**Task statement:** Repeat the data in full and exactly. Leave the pictures out.

**Recorded data:**

---+---

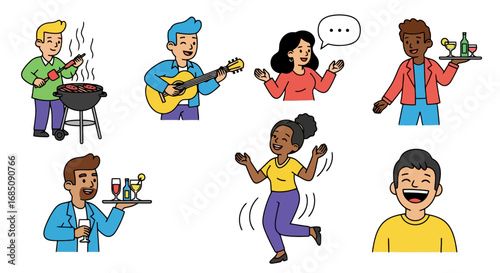 Diverse people enjoying a joyful party with music, food, drinks, and conversation. Suitable for illustrating social gatherings and celebrations.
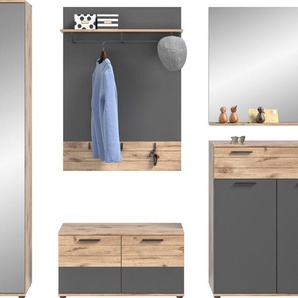 INOSIGN Garderoben-Set Riga, Breite 280 cm, hochwertige Rillenfräsung, 5-teilig, best. aus:, (Set, 5-St), Garderobenschrank, Sitzbank, Paneel, Garderobenspiegel, Schuhkommode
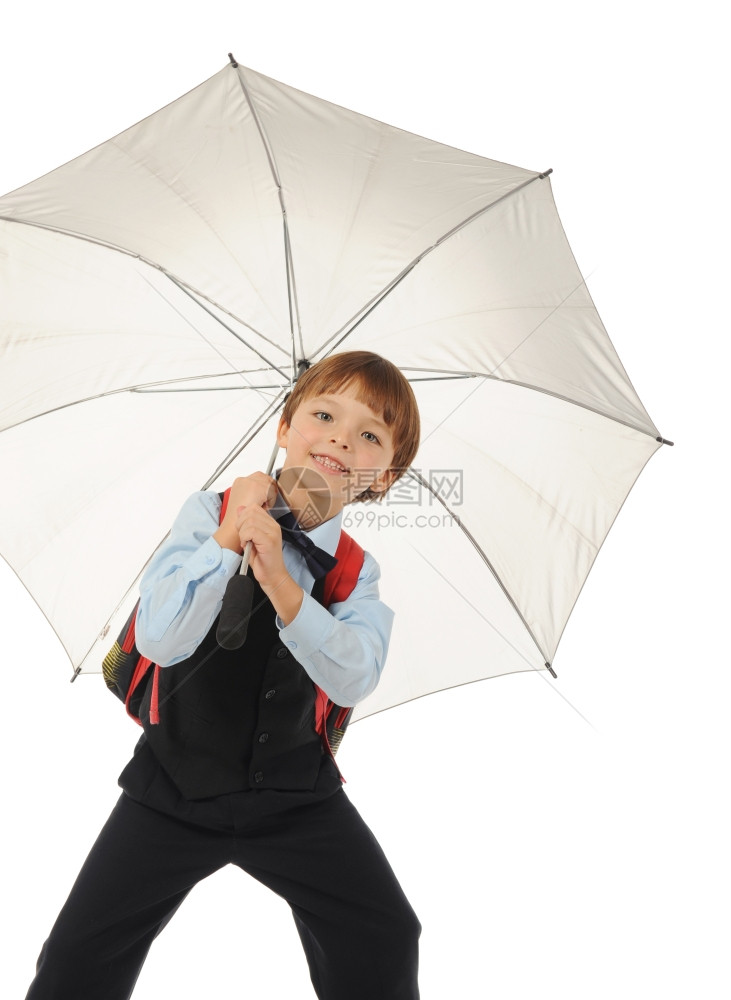 带伞的中学生白种背景孤立无援图片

---+---

**Output for this exercise:**
 Diverse people enjoying a joyful party with music, food, drinks, and conversation. Suitable for illustrating social gatherings and celebrations.
 INOSIGN Garderoben-Set Riga, Breite 280 cm, hochwertige Rillenfräsung, 5-teilig, best. aus:, (Set, 5-St), Garderobenschrank, Sitzbank, Paneel, Garderobenspiegel, Schuhkommode
 带伞的中学生白种背景孤立无援图片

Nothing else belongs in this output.